[MATERIAL FOR THIS TASK]

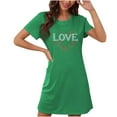 thumbnail image 1 of Xfvqtps Valentine's Day Nightgown for Women Plus Size Droplet Love Print Short Sleeve Crew Neck Solid Color Lightweight Soft Comfortable Pajamas Green, 1 of 3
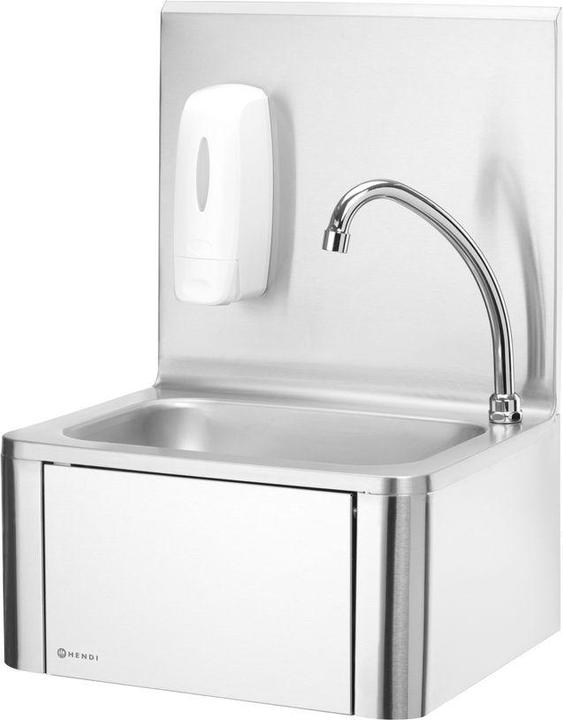 Image du produit Hendi Lave-mains Commande au genou + distributeur de savon (400 mm, 330 mm)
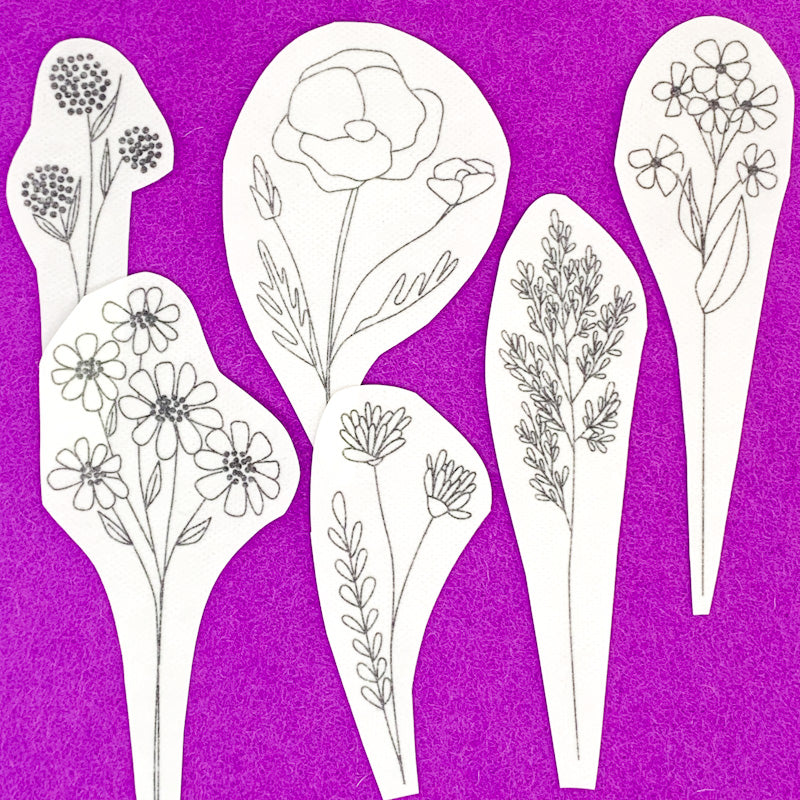 WILD FLOWERS Peel Stick + Sew Embroidery Pattern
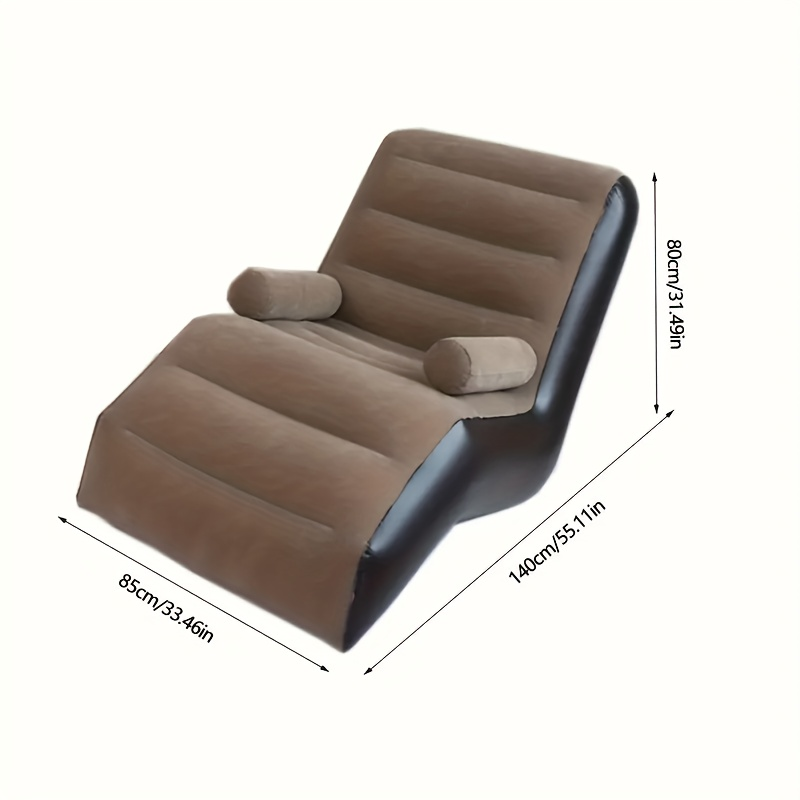 Portable S-Curve Inflatable Recliner Chair in Coffee Brown or Pink for Indoor and Outdoor Lounging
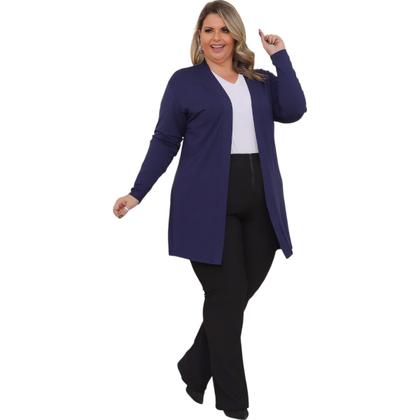 Imagem de Cardigan Manga Longa Malha KIMONO Plus Size Inverno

[/MATERIAL FOR THIS TASK]

◆ ACTION ITEM ◆
Would you return the entries verbatim, minus any images?

◆ REPLY TO THE TASK ◆
 thumbnail image 1 of Xfvqtps Valentine's Day Nightgown for Women Plus Size Droplet Love Print Short Sleeve Crew Neck Solid Color Lightweight Soft Comfortable Pajamas Green, 1 of 3
 Image du produit Hendi Lave-mains Commande au genou + distributeur de savon (400 mm, 330 mm)
 WILD FLOWERS Peel Stick + Sew Embroidery Pattern
 Portable S-Curve Inflatable Recliner Chair in Coffee Brown or Pink for Indoor and Outdoor Lounging
 Imagem de Cardigan Manga Longa Malha KIMONO Plus Size Inverno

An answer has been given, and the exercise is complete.